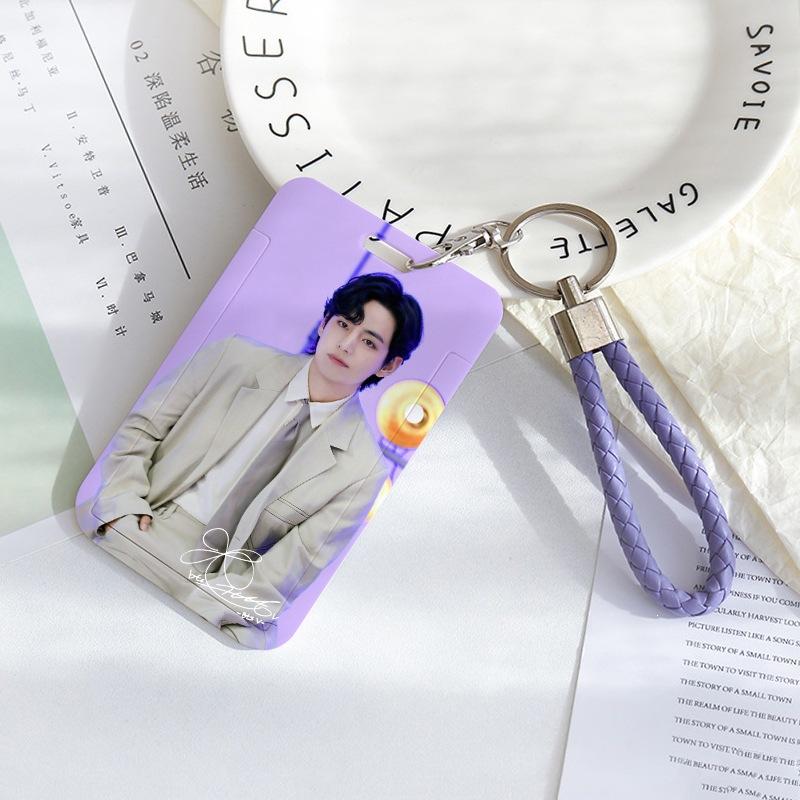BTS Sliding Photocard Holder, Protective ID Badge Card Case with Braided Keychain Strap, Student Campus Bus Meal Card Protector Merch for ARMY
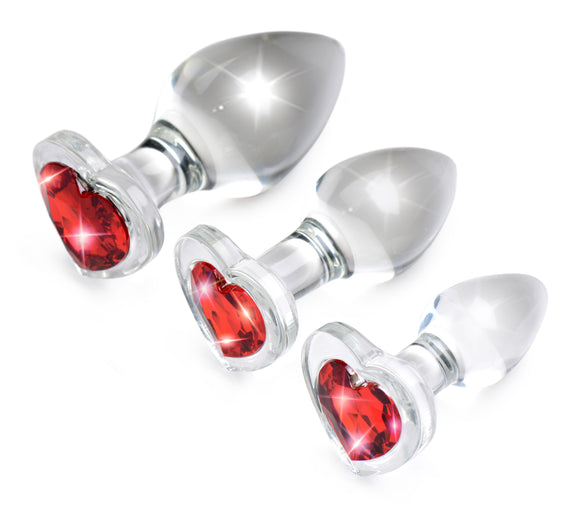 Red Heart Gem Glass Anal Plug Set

_ _ _ _ _

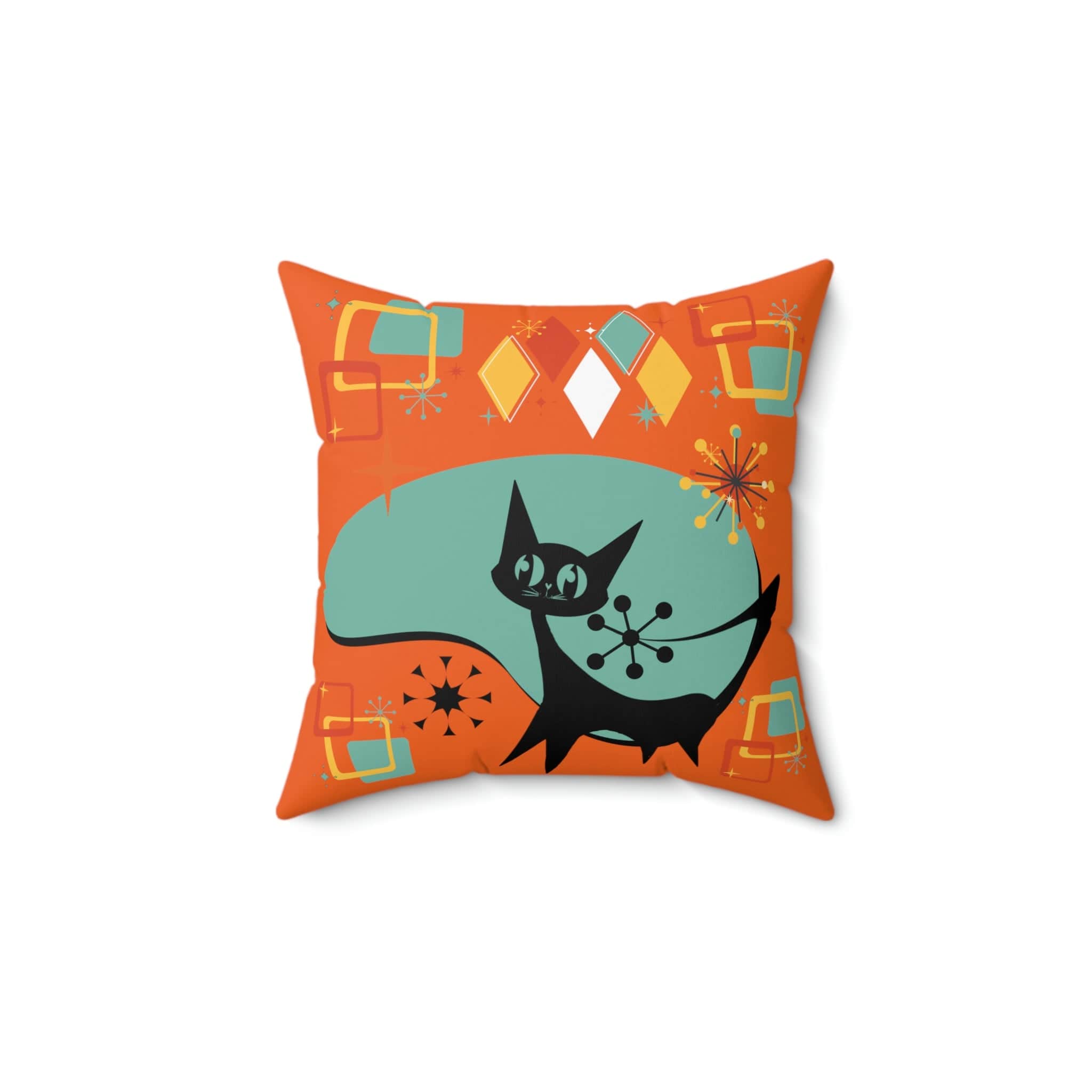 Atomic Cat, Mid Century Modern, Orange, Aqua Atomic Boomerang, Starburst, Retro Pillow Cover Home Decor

_ _ _ _ _

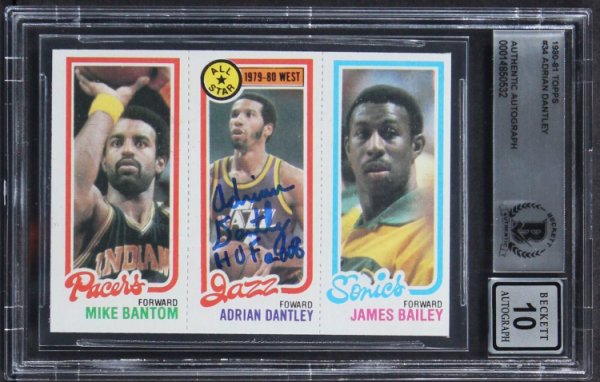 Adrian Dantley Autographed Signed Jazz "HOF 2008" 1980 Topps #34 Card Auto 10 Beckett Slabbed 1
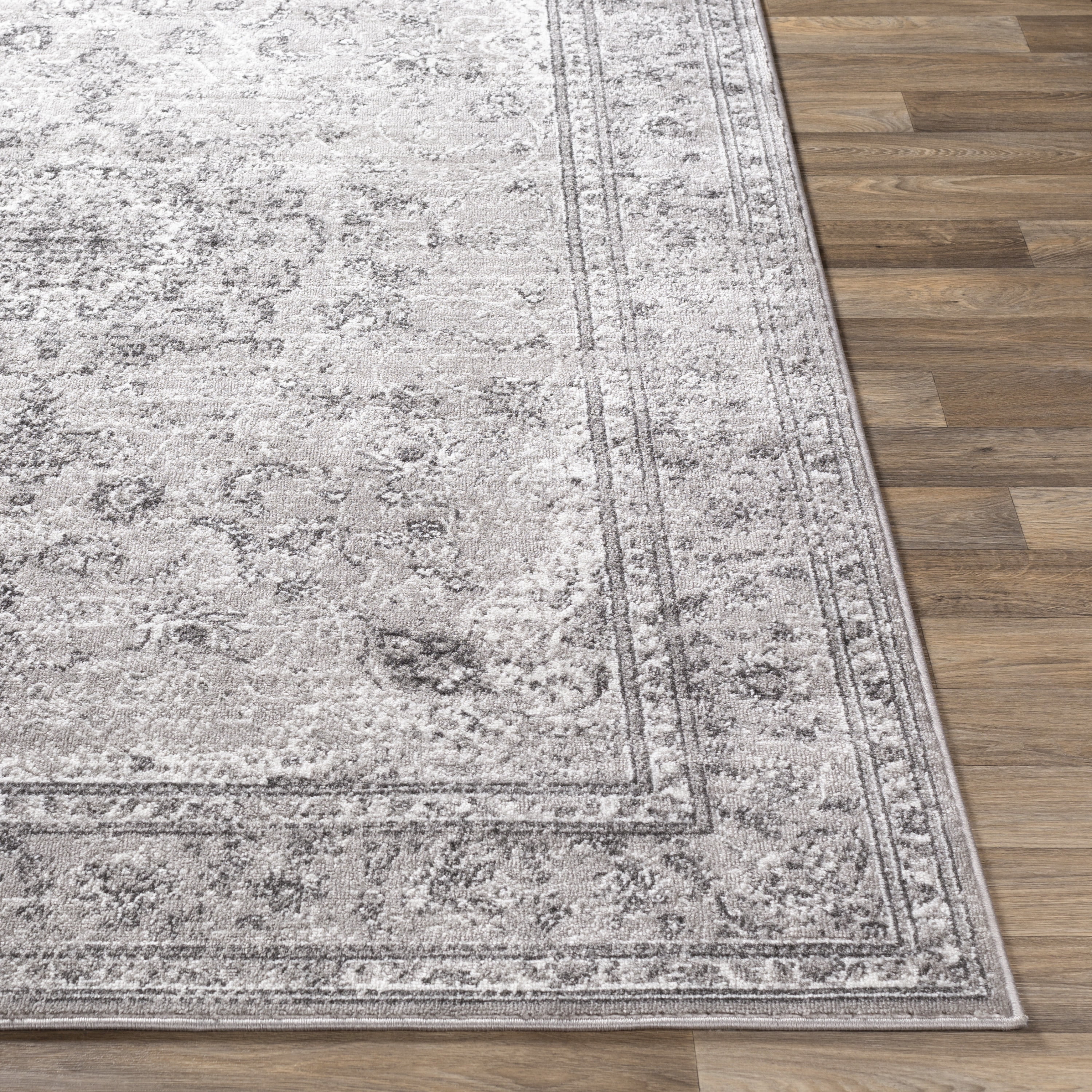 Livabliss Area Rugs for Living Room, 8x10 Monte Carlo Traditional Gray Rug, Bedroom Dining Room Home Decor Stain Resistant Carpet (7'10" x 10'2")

_ _ _ _ _

* EXERCISE REQUIREMENTS:
From the records above, output only the lines starting at the one containing "BTS Sliding Photocard" and ending at the one containing "Red Heart Gem Glass Anal Plug Set", word for word. Pictures stay out.

* SOLUTION TO THIS PROBLEM:
BTS Sliding Photocard Holder, Protective ID Badge Card Case with Braided Keychain Strap, Student Campus Bus Meal Card Protector Merch for ARMY
 Red Heart Gem Glass Anal Plug Set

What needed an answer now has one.